I have an exist-db database with a couple of (large) TEI xml files which I want to index/search. For indexing, I have an xmlpipe2
command calling a sphinx-out.xql url served by the exist db. Along with the actual texts snippets (paragraphs, headings, notes etc.), this provides a couple of attributes that I later want to use when presenting search results.
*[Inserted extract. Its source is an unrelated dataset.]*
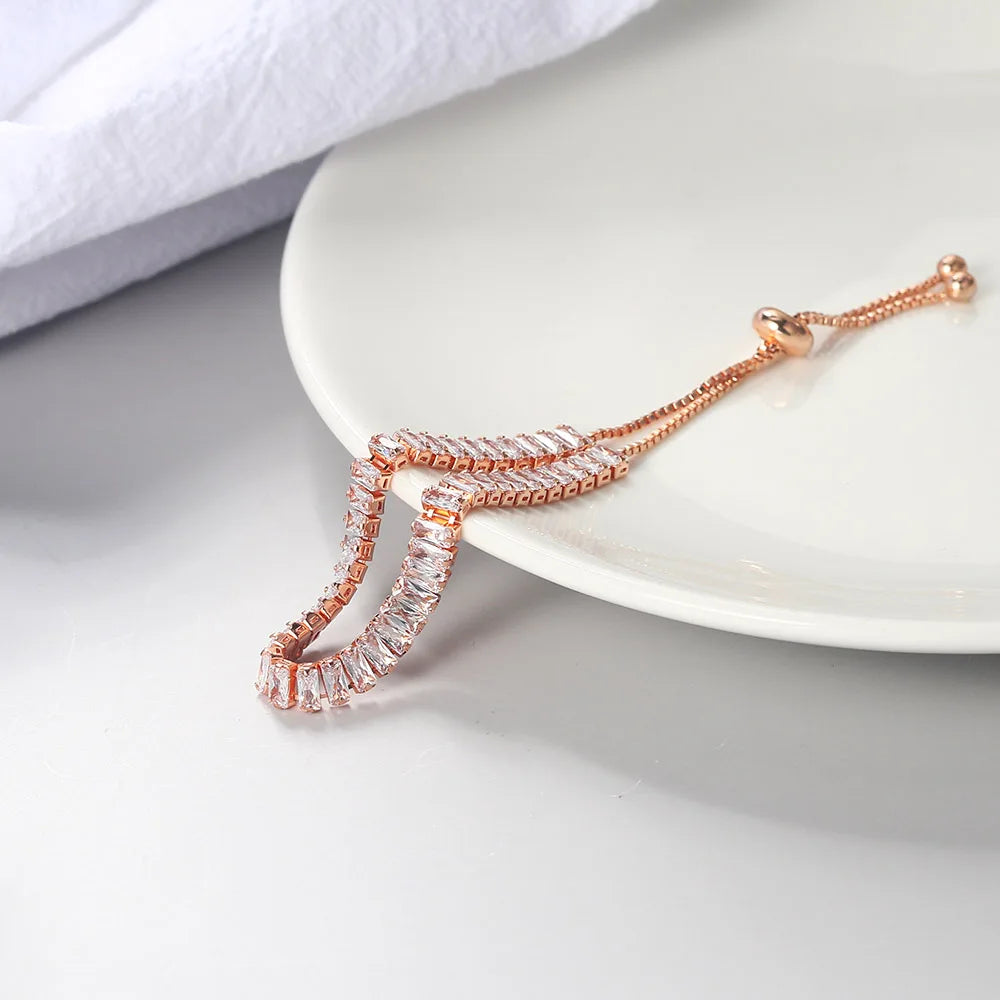 Pulsera Ajustable de Mujer con Circones Blancos y Baño En Oro Rosa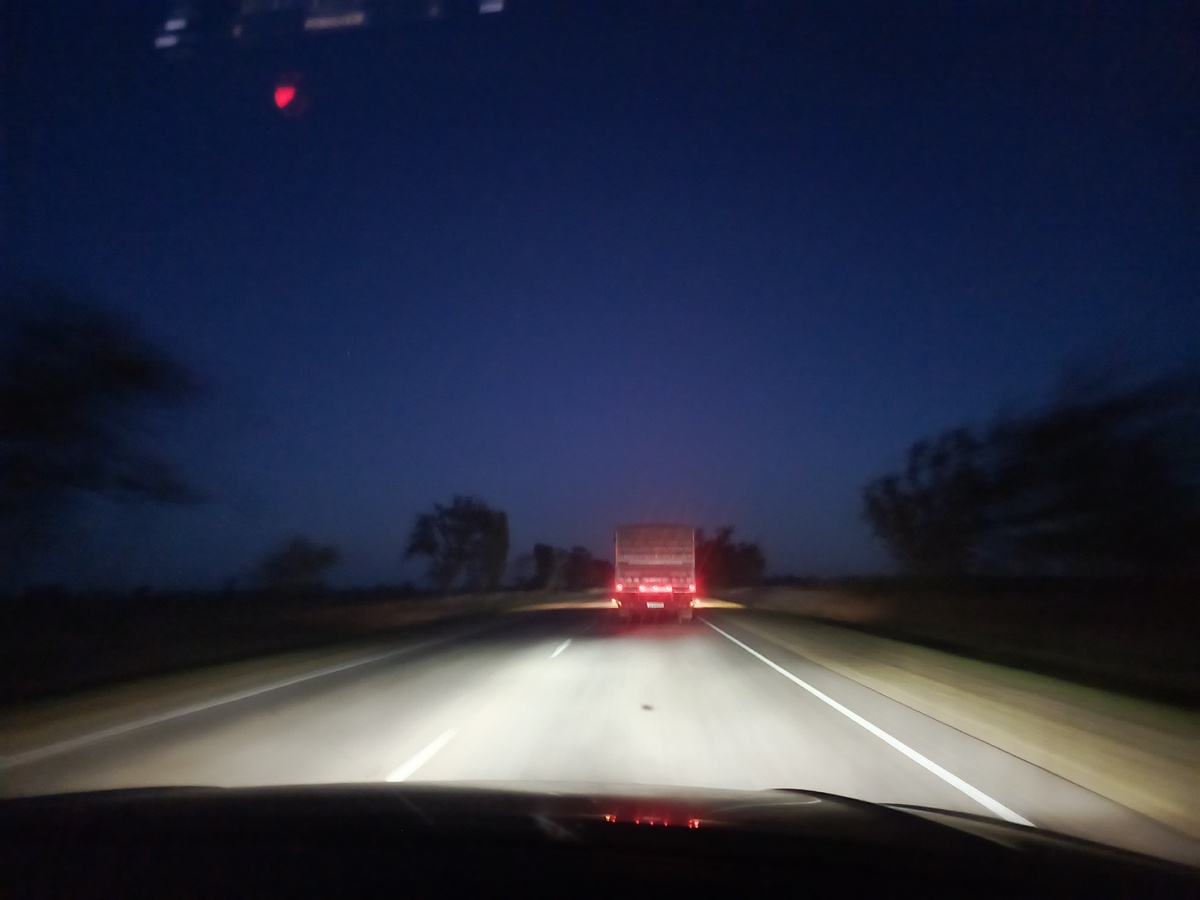 Когда идет колонна машин на встречу, то обогнать в светлое время трудно, а в вечернее тем более.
One of them is a crumbtrail field that contains html (more precisely, it contains a series of <a>
hyperlinks).
As I want to be able to offer sentence and paragraph operators in searching, I have set index_sp = 1
and since this in turn requires html stripping, I also have html_strip = 1
. But this seems to strip the html also from my attributes, which I want to retain...
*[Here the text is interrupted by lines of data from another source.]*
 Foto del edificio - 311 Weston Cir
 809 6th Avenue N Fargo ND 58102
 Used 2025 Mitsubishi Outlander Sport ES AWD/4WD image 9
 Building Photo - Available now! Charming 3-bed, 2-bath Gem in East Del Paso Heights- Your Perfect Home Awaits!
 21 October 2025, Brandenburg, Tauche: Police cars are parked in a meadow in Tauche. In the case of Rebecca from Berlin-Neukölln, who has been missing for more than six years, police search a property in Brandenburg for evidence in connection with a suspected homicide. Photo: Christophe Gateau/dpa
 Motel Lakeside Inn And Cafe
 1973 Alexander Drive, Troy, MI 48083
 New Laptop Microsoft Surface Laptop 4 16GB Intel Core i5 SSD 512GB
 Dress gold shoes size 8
Here is what sphinx.out.xql and then the xmlpipe2 command give:
<sphinx:docset>
<sphinx:document id="77">
<sphinx_docid>77</sphinx_docid>
<sphinx_work>W0013</sphinx_work>
<sphinx_author>Vitoria, Francisco de</sphinx_author>
<sphinx_title>Relectiones</sphinx_title>
<sphinx_year>1557</sphinx_year>
<sphinx_crumbtrail>
<span class="crumbtrail">
<a href="/exist/apps/salamanca/work.html?wid=W0013#Vol02">Vol. 2</a>
<span class="tokenizer"> > </span>
<a href="/exist/apps/salamanca/work.html?wid=W0013#Vol02Lect01">De augmento charitatis</a>
</span>
</sphinx_crumbtrail>
<sphinx_description>
<p xmlns="http://www.tei-c.org/ns/1.0" xml:id="p_l3w_pml_y4">
[SNIP]
</p>
</sphinx_description>
</sphinx:document>
.
.
.
</sphinx:docset>
And here is what a mysql query to sphinx gives:
mysql> select sphinx_docid, sphinx_work, sphinx_crumbtrail from salamanca_base;
+------+--------+--------------+-------------+---------------------------------+
| id | weight | sphinx_docid | sphinx_work | sphinx_crumbtrail |
+------+--------+--------------+-------------+---------------------------------+
.
.
.
| 77 | 1 | 77 | W0013 | Vol. 2 > De augmento charitatis |
+------+--------+--------------+-------------+---------------------------------+
20 rows in set (0.00 sec)
Now I wonder if there is any way for me to disable html stripping for attributes?
Can anyone at least confirm that it is possible to store html in sphinx attributes?
Thanks for any insight